UD chemist investigates reactions damage paintings

UD chemist investigates reactions that damage paintings

3:02 AM, 26th August 2011
UD chemist investigates reactions that damage paintings


NEWARK, US: In the days before artists could go to a store and buy commercial paints, they mixed their own, often combining pigments made of lead salts with such materials as egg whites and vegetable oils.

“They were seat-of-the-pants chemists,” said Cecil Dybowski, Professor of Chemistry and Biochemistry, University of Delaware. “But they didn’t understand the chemistry itself and they didn’t foresee what would happen to those pigments in the future.”

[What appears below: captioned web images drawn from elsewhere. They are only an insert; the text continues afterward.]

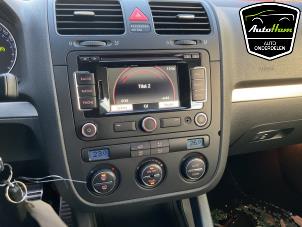 Volkswagen Golf V 2.0 GTI 16V FSI Turbo Samochód złomowany (2007, Czarny)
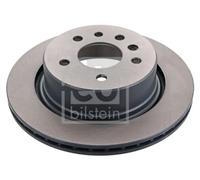 2x Disco freno Assale posteriore ventilazione interna 44045 FEBI BILSTEIN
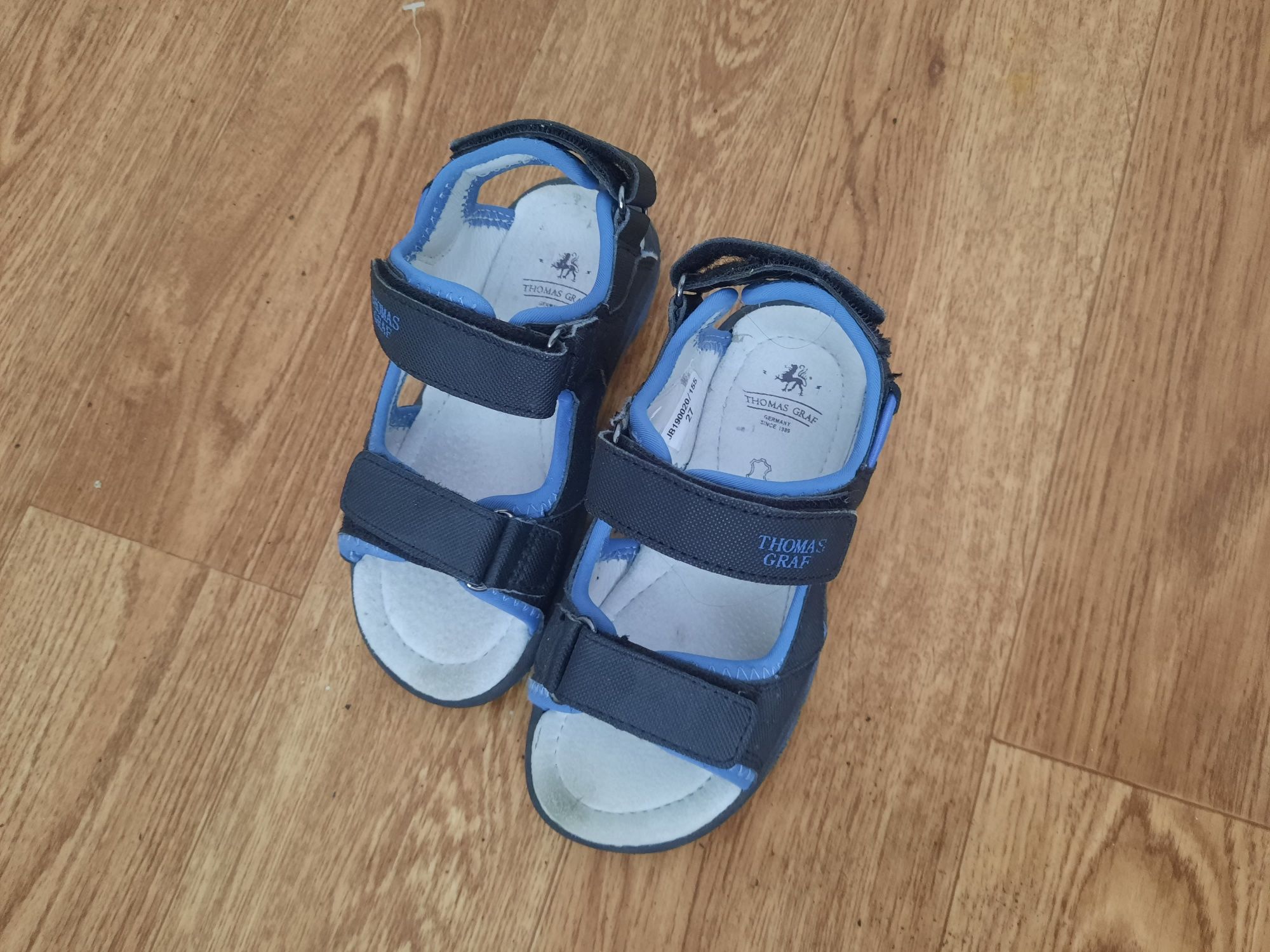 Детские сандали для мальчика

What generally happened is that internal chemical reactions gradually occurred in the dried paints, causing them to change in various ways and eventually damaging their works of art.  

Supported by a National Science Foundation (NSF) grant, Dybowski and colleagues at New York’s Metropolitan Museum of Art will create models of centuries-old paints and use special spectroscopic techniques to analyze the reactions that occur within them. Researchers at the Metropolitan came up with the idea for the project and contacted Dybowski. Specifically, Dybowski and other UD scientists use nuclear magnetic resonance (NMR) spectrometry for analyzing a variety of materials.

Last year, a team of researchers in the Department of Chemistry and Biochemistry, including Dybowski, received a $2.2 million grant to acquire a highly specialized NMR spectrometer that will be used by scientists throughout the University and the region.

“I wouldn’t be able to attack this problem on my own and I don’t think the Met could either. The NSF likes collaborative projects like this, which looks at art as science and science as art,” said Dybowski.

The chemical makeup of paints and pigments has been studied extensively over the years in art conservation work, but this project seeks to duplicate the chemistry of the old paints and then analyze those chemical reactions with the most modern technology. NMR can’t yet easily study the surface of a painting, and the analysis requires a relatively large sample, which is why the researchers will be creating their own paints to use as models.

The three-year project will begin in September. The Metropolitan’s researchers are Silvia Centeno, a Physical Chemist who specializes in a type of analysis known as Raman spectroscopy and Nicholas Zumbulyadis, a retired NMR, Spectroscopist from the Eastman Kodak Research Laboratories.

“I never set out to study artworks,” said Dybowski. “I was interested in the fundamental spectroscopic properties of lead and I’ve been studying that for about 10 years. Then, out of the blue, I got the call from the Met. I think it shows the amazing diversity of chemistry and how knowledge that might seem theoretical suddenly becomes extremely pertinent to problems one might not have envisioned.”